Principaux renseignements
- La France va accueillir un sommet du G7 pour lutter contre la flambée des coûts énergétiques.
- Les tensions mondiales et la fermeture de certains oléoducs ont fait grimper les prix du pétrole de 20 pour cent.
- Macron recherche des solutions énergétiques stratégiques sans aggraver le déficit public.
Le président français Emmanuel Macron a annoncé que la France organiserait une réunion du G7 consacrée à la crise énergétique. Il souhaite renforcer la coopération entre les pays du G7 et réduire les tensions avec des partenaires internationaux importants. Il veut également examiner la possibilité de recourir aux réserves énergétiques stratégiques.

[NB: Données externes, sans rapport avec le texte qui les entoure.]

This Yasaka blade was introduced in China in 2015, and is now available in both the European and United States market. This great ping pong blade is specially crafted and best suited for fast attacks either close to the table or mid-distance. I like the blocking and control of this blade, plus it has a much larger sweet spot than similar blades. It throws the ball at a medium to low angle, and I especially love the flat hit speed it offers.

Contexte politique national
Cette annonce fait suite à des consultations avec des dirigeants politiques et des candidats aux élections présidentielles françaises du printemps prochain. Emmanuel Macron ne peut pas se représenter, puisqu’il a déjà effectué les deux mandats présidentiels autorisés.
Ces discussions interviennent alors que les prix de l’énergie augmentent et que le mécontentement face au coût de la vie grandit. La situation économique française est également sous pression.
Pressions sur les marchés mondiaux
Le marché international du pétrole a enregistré une hausse d’environ 20 pour cent ce mois-ci. Cette évolution est liée à l’impasse entre Washington et Téhéran, ainsi qu’à la fermeture d’un important oléoduc en Arabie saoudite, dans un contexte d’affrontements avec les rebelles houthis au Yémen.
Ces événements exercent une pression supplémentaire sur l’approvisionnement énergétique et entretiennent la volatilité des prix sur les marchés mondiaux.
Stratégie économique et réponse
Macron estime que la hausse des prix de l’énergie découle de l’instabilité géopolitique mondiale, et non de la politique intérieure. Il souhaite réévaluer les mesures d’aide existantes et les adapter si nécessaire afin de mieux soutenir les citoyens.
Le président français met toutefois en garde contre des dépenses publiques excessives. Selon lui, il faut avant tout s’attaquer aux causes de la crise. Il veut ainsi éviter que les aides supplémentaires creusent davantage le déficit public ou entraînent une hausse des impôts pour la population. (zvm)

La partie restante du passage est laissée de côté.